*** Opening Extracted information ***

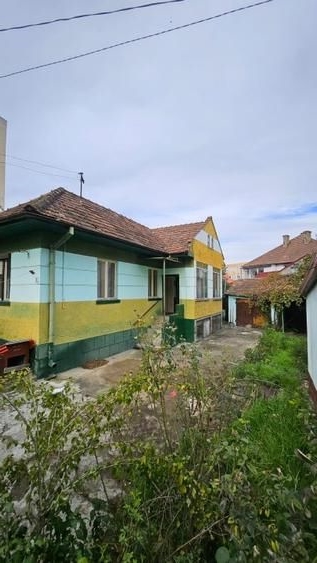 Casa in zona centrala cu proiect si autorizatie pentru extindere - Brasov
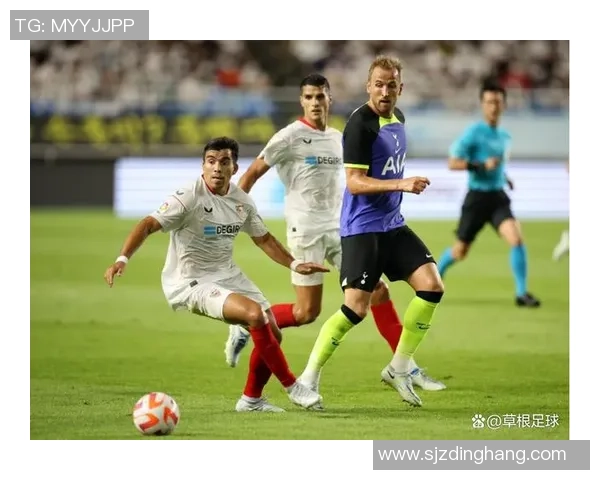 友谊赛精彩对决里昂与热刺战成平局引发全场热烈反响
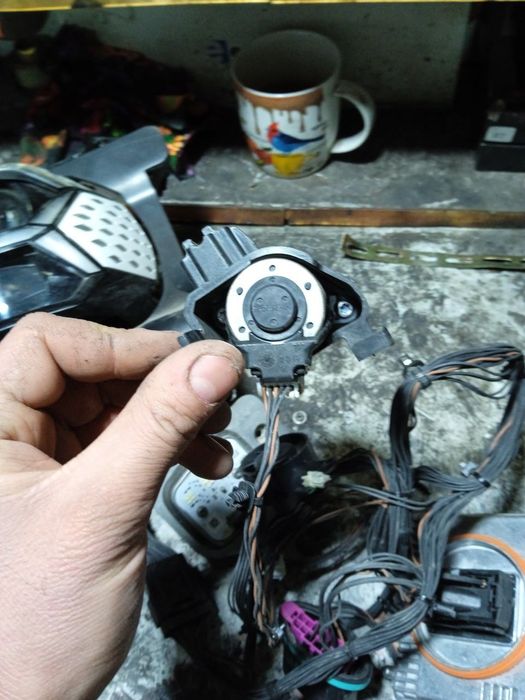 Vosvagin oldi ung tomon fara  korpisi yuq qolgan xamma narsasi bor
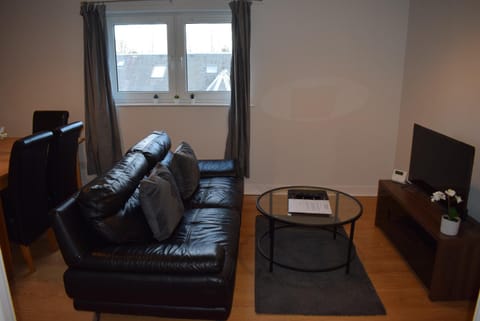 Kelpies Serviced Apartments Callum- 3 Bedrooms- Sleeps 6 Appartement in Livingston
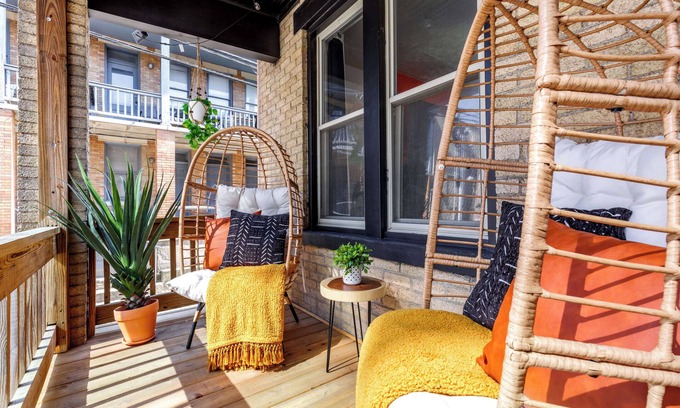 Short North House | Jungle Gem Master house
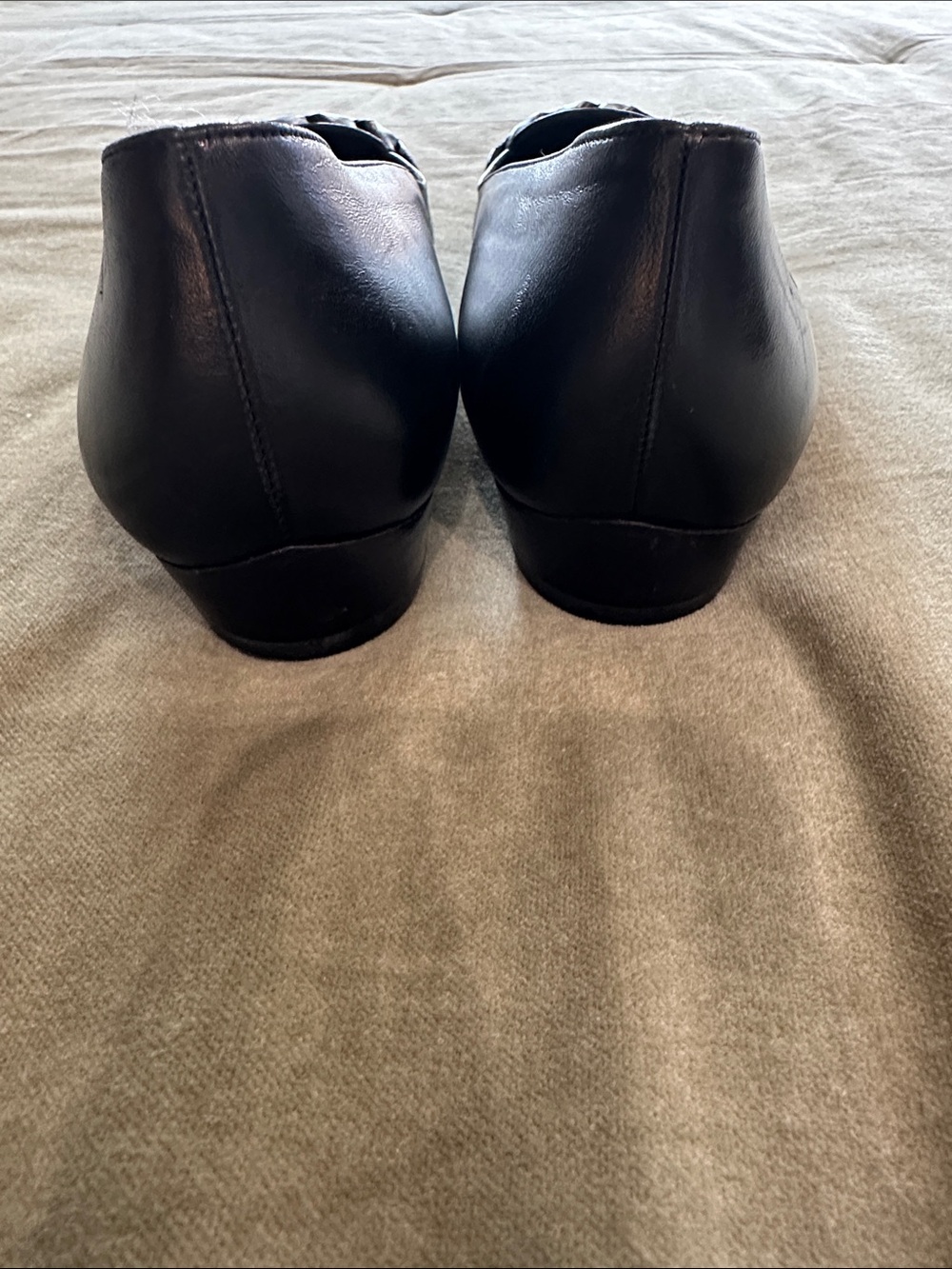 Salvatore Ferragamo Black Pointed-Toe Braided Leather Flats - Picture 5 of 9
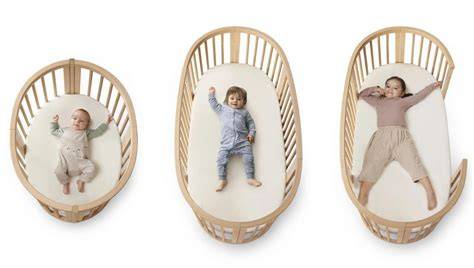 Ilustrativní schema: rozměry a varianty postýlky Stokke Sleepi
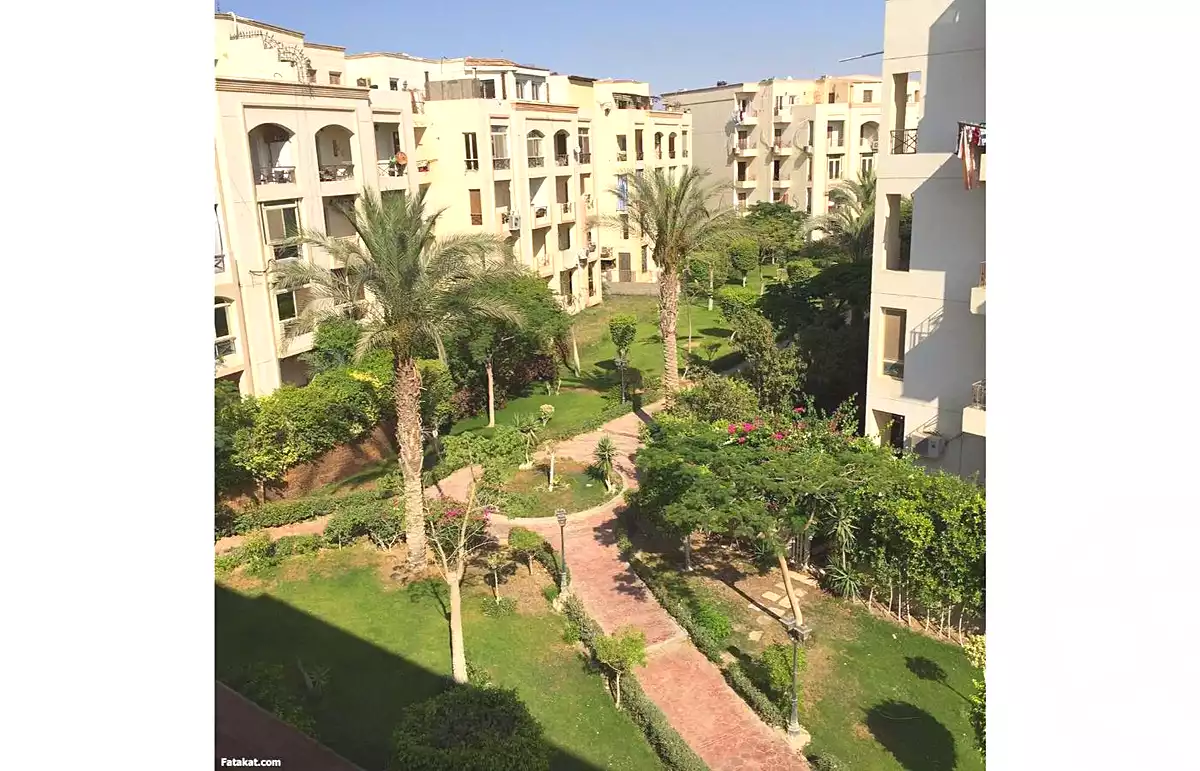 https://aqarmap.com.eg/ar/listing/6708489-for-sale-cairo-el-sheikh-zayed-city-compounds-hadayek-el-mohandiseen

*** Closing Extracted information ***

What the task asks — With the pictures left out, copy exactly the lines from the line holding "Kelpies Serviced Apartments" through the final line of the records, including both.

The answer —
 Kelpies Serviced Apartments Callum- 3 Bedrooms- Sleeps 6 Appartement in Livingston
 Short North House | Jungle Gem Master house
 Salvatore Ferragamo Black Pointed-Toe Braided Leather Flats - Picture 5 of 9
 Ilustrativní schema: rozměry a varianty postýlky Stokke Sleepi
 https://aqarmap.com.eg/ar/listing/6708489-for-sale-cairo-el-sheikh-zayed-city-compounds-hadayek-el-mohandiseen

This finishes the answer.